Across town, Robinson’s words are echoed in the pastel stucco suburbs that just three months ago were preparing for the possibility of a new round of rioting after the second King beating trial. People there, like those at Florence and Normandie, now wonder when the city will declare itself healed.

“This case needs to get over with so we can all get on with it,” said Tom Paterson, a member of the Valley Village Homeowners Assn. “You have to move on and I’m ready.”

As jury selection begins today for the trial of Damian Monroe Williams and Henry Keith Watson--charged with assaulting 12 people on April 29, 1992--Los Angeles is a city that seems to be slouching toward one of the closing chapters in a long and tortured tale.
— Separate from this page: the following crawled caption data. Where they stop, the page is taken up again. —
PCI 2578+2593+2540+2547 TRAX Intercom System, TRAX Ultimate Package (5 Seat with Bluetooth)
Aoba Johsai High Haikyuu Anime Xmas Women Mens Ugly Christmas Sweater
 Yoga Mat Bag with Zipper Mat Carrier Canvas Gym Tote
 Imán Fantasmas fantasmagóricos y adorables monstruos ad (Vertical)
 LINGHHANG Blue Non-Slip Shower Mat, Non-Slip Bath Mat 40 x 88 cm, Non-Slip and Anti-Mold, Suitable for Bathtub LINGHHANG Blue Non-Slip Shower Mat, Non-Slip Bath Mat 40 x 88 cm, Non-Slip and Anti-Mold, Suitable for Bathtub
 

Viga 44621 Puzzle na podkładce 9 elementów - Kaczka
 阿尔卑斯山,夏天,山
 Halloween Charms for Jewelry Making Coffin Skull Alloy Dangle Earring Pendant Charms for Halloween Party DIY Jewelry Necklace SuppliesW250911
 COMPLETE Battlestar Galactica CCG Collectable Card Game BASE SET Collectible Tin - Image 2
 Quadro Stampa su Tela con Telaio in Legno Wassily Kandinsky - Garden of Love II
“I’m tired of dealing with it. I’m tired of talking about it,” said Kerman Maddox, a well-known activist in the black community and a political consultant. “A lot of people are saying, ‘Whatever it brings, let’s just get it over with.’ ”

Less than a year ago, the Denny beating case was seen by many African-Americans as the symbolic twin of the case that started it all--the King beating.

The cases flashed through the city like mirror images of each other. In the King beating it was white police officers who beat a black motorist. In the Denny case, it was black youths who attacked a white motorist. Both became powerful images ingrained in the public mind through the power of the video camera.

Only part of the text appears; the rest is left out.